What formula can make a non-linear transformation into a matrix transformation?
This problem showed up on an exam,
I was really shocked that I never heard one of them...
From my understanding, this question asks me is there any formula which can make $T(x) = x^2$, a non-linear transformation into a matrix transformation ? What am I supposed to answer to this question?
Please save me from full of confusion, thank you!
I think that the question is rather poor. There is no linear transformation $S$ such that $S(x) = x^2$, so there is no linear transformation that agrees with $T$ everywhere.
On the other hand, there is a "natural" way to obtain a linear transformation $S$ from $T(x) = x^2$, and that would be to take the derivative. The derivative $S(x) = T'(x) = 2x$ is the linear map which scales vectors by $2x$.

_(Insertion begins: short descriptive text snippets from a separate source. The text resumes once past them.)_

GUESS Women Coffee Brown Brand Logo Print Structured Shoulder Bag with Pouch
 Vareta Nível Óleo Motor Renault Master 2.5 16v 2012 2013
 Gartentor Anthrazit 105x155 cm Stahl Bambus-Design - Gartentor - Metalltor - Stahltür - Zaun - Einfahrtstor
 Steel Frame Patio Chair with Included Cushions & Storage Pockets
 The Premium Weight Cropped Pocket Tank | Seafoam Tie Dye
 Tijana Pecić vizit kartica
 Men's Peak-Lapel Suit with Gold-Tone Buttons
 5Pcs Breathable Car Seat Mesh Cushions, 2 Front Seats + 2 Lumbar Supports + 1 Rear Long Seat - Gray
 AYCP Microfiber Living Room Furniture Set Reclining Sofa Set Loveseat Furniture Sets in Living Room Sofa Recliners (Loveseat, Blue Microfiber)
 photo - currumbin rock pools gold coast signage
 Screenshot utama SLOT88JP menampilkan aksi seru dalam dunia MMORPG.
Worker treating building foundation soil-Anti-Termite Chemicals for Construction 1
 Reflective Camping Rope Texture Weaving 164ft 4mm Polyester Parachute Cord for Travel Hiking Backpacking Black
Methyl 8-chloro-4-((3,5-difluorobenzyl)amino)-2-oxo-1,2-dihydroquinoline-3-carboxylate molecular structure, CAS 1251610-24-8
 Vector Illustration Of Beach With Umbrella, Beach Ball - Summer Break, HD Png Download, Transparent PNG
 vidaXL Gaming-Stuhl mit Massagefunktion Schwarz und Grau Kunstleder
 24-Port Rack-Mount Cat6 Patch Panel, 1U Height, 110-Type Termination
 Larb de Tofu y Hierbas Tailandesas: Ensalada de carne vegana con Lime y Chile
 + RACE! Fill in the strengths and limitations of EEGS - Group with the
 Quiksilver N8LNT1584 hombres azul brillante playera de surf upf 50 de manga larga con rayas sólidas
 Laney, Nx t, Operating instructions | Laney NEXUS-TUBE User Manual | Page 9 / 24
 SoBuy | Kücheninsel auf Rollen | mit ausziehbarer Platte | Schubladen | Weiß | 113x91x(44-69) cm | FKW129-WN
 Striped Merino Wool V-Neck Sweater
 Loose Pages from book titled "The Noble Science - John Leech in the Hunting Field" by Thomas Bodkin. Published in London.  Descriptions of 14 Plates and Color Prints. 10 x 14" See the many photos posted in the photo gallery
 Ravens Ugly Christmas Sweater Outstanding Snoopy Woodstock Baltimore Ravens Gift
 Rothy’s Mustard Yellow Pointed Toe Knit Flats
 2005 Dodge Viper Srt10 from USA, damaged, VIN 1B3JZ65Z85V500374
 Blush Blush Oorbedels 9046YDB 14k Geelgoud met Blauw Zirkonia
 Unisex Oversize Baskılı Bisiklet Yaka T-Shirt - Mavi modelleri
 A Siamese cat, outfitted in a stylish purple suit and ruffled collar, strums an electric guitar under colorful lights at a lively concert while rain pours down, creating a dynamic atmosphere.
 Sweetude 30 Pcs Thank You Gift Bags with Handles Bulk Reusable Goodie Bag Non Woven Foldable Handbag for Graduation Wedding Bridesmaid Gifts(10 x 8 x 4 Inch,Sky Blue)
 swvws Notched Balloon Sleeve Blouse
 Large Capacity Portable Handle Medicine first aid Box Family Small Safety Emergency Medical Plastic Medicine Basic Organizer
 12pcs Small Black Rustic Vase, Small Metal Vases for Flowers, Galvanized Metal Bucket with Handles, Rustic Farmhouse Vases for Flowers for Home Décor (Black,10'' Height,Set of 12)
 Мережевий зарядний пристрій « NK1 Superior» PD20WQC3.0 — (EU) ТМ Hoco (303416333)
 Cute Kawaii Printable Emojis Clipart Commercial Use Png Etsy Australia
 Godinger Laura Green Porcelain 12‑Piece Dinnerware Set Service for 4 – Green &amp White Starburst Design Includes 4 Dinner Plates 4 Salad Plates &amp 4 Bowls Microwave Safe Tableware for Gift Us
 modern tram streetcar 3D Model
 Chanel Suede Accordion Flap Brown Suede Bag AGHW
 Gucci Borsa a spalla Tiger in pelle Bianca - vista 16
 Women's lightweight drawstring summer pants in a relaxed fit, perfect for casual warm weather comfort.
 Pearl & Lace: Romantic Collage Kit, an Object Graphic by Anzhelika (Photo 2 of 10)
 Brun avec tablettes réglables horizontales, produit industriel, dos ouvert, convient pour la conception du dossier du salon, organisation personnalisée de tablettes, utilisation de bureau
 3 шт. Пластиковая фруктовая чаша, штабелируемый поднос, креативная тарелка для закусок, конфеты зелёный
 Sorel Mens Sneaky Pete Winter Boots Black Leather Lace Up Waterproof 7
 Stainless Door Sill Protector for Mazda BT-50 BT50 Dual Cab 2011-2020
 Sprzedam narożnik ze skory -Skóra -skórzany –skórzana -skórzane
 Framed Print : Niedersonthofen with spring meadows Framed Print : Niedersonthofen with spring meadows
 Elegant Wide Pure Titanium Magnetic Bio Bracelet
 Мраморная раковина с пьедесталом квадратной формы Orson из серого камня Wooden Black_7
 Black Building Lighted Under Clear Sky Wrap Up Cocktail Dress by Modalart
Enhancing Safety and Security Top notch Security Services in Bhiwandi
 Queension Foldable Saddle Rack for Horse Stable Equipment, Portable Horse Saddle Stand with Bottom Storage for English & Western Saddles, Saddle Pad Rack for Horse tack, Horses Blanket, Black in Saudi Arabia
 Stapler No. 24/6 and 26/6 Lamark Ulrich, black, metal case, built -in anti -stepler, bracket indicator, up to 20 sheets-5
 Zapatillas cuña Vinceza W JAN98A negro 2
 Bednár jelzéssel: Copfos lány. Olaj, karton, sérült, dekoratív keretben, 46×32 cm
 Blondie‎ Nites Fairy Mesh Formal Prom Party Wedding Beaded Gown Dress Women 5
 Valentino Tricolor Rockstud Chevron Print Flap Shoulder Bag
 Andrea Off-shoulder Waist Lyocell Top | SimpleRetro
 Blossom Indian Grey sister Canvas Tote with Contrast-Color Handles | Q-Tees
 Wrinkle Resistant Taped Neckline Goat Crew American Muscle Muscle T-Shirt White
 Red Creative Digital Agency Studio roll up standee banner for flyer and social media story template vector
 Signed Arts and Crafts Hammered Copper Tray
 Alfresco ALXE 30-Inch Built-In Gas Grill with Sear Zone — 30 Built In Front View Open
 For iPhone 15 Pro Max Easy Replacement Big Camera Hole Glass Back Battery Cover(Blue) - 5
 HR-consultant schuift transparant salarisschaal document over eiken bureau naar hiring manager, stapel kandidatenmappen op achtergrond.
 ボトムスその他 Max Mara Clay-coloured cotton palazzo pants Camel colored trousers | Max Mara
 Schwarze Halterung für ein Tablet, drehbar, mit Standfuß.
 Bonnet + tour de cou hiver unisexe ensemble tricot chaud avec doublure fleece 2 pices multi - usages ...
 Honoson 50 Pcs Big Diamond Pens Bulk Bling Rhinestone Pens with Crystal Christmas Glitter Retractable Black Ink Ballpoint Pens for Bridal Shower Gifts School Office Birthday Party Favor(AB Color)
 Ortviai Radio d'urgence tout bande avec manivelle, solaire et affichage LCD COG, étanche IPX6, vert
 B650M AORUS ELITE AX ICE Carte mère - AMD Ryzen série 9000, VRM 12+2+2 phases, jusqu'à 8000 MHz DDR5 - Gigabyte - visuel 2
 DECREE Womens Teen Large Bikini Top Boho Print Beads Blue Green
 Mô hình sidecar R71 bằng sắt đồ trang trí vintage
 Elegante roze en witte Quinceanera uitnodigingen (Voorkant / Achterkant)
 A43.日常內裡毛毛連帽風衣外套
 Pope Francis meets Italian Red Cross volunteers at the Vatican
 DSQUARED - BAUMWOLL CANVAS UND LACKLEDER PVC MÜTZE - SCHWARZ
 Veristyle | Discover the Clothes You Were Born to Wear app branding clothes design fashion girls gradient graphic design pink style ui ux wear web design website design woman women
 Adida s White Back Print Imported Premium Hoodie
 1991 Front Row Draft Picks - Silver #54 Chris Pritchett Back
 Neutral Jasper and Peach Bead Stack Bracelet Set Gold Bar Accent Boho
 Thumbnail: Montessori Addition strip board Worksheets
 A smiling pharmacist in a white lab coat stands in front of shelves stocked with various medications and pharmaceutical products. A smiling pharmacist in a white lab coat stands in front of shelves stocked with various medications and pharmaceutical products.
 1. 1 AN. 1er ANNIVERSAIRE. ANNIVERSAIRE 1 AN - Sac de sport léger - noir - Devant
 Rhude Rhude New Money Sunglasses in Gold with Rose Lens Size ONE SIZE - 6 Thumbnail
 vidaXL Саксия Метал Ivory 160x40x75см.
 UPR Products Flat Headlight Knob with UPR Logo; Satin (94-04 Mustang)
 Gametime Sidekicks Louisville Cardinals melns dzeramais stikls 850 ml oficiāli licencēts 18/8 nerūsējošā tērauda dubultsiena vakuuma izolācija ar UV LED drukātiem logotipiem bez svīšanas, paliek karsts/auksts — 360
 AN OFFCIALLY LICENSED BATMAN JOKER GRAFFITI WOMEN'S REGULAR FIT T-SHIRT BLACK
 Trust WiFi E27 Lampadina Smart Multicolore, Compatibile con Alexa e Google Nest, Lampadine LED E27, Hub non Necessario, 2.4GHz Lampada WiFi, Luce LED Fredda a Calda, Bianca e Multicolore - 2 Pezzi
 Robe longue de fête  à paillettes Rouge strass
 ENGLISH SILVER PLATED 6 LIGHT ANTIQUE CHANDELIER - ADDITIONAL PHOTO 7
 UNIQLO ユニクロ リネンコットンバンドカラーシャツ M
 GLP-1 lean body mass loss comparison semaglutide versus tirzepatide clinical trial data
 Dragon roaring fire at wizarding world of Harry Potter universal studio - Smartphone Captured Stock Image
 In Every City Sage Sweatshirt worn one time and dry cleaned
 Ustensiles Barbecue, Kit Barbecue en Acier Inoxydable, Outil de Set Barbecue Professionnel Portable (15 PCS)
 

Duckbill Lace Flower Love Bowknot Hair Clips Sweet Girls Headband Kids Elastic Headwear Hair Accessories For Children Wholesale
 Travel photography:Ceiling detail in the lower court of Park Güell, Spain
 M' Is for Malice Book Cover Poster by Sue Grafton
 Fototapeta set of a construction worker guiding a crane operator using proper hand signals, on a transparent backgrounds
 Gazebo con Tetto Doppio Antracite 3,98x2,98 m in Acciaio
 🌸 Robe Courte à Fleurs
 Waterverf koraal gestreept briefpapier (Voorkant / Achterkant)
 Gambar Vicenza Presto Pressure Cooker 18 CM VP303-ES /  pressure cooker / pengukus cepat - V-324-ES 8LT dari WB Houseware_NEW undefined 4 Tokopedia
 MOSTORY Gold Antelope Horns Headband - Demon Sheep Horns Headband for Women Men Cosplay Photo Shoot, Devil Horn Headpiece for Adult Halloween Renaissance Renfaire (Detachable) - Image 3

More generally, given a "non-linear" (but still differentiable) map $T\colon\mathbb R^n\to\mathbb R^m$, written in the standard bases as $$ T(x_1,\dots,x_n) = \big(T_1(x_1,\dots,x_n),\dots,T_m(x_1,\dots,x_n)\big), $$ the derivative $DT_p$ at any point $p = (p_1,\dots,p_n)$ is a linear map $\mathbb R^n\to\mathbb R^m$. Moreover, in the standard bases, $DT_p$ can be identified with the $m\times n$ Jacobian matrix of partial derivatives: $$ DT_p = \begin{pmatrix} {\partial T_1 \over \partial x_1}(p) & {\partial T_1 \over \partial x_2}(p) & \dots & {\partial T_1 \over \partial x_n}(p) \\ {\partial T_2 \over \partial x_1}(p) & {\partial T_2 \over \partial x_2}(p) & \dots & {\partial T_2 \over \partial x_n}(p) \\ \vdots & \vdots & \ddots & \vdots \\ {\partial T_m \over \partial x_1}(p) & {\partial T_m \over \partial x_2}(p) & \dots & {\partial T_m \over \partial x_n}(p) \end{pmatrix}. $$ The upshot is that as long as we look at points $q = (q_1,\dots,q_n)$ that are "very small," then the affine transformation $q\mapsto T(p) + DT_p(q)$ closely approximates the (in general nonlinear) map $q\mapsto T(p+q)$.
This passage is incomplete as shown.